_DATASET EXCERPTS:_

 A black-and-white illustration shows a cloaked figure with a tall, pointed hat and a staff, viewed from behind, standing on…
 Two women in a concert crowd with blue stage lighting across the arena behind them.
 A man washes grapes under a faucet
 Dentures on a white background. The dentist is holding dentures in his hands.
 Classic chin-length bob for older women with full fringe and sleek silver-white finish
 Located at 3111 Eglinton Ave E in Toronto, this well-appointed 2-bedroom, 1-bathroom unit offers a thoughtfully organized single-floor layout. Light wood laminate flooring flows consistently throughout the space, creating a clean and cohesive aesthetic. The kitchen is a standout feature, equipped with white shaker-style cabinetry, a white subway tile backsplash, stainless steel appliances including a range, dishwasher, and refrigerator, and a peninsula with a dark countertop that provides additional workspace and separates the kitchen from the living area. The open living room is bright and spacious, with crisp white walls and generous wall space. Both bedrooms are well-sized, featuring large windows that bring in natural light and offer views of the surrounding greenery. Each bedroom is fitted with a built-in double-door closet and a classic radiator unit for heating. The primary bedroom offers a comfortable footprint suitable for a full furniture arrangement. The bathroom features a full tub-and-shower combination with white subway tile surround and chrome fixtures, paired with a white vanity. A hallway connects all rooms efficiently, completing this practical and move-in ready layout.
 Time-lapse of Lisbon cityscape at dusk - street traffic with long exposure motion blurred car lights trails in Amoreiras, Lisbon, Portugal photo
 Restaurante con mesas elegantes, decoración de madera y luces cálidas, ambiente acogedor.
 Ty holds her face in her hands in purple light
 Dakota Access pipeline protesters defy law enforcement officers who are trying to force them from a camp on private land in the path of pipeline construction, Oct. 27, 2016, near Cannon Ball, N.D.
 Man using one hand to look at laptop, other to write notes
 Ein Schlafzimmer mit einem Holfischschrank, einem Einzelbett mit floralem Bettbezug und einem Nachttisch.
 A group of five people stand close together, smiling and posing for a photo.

_THE TASK:_ Line by line, give the material above again exactly.

_EXERCISE RESULT:_
 A black-and-white illustration shows a cloaked figure with a tall, pointed hat and a staff, viewed from behind, standing on…
 Two women in a concert crowd with blue stage lighting across the arena behind them.
 A man washes grapes under a faucet
 Dentures on a white background. The dentist is holding dentures in his hands.
 Classic chin-length bob for older women with full fringe and sleek silver-white finish
 Located at 3111 Eglinton Ave E in Toronto, this well-appointed 2-bedroom, 1-bathroom unit offers a thoughtfully organized single-floor layout. Light wood laminate flooring flows consistently throughout the space, creating a clean and cohesive aesthetic. The kitchen is a standout feature, equipped with white shaker-style cabinetry, a white subway tile backsplash, stainless steel appliances including a range, dishwasher, and refrigerator, and a peninsula with a dark countertop that provides additional workspace and separates the kitchen from the living area. The open living room is bright and spacious, with crisp white walls and generous wall space. Both bedrooms are well-sized, featuring large windows that bring in natural light and offer views of the surrounding greenery. Each bedroom is fitted with a built-in double-door closet and a classic radiator unit for heating. The primary bedroom offers a comfortable footprint suitable for a full furniture arrangement. The bathroom features a full tub-and-shower combination with white subway tile surround and chrome fixtures, paired with a white vanity. A hallway connects all rooms efficiently, completing this practical and move-in ready layout.
 Time-lapse of Lisbon cityscape at dusk - street traffic with long exposure motion blurred car lights trails in Amoreiras, Lisbon, Portugal photo
 Restaurante con mesas elegantes, decoración de madera y luces cálidas, ambiente acogedor.
 Ty holds her face in her hands in purple light
 Dakota Access pipeline protesters defy law enforcement officers who are trying to force them from a camp on private land in the path of pipeline construction, Oct. 27, 2016, near Cannon Ball, N.D.
 Man using one hand to look at laptop, other to write notes
 Ein Schlafzimmer mit einem Holfischschrank, einem Einzelbett mit floralem Bettbezug und einem Nachttisch.
 A group of five people stand close together, smiling and posing for a photo.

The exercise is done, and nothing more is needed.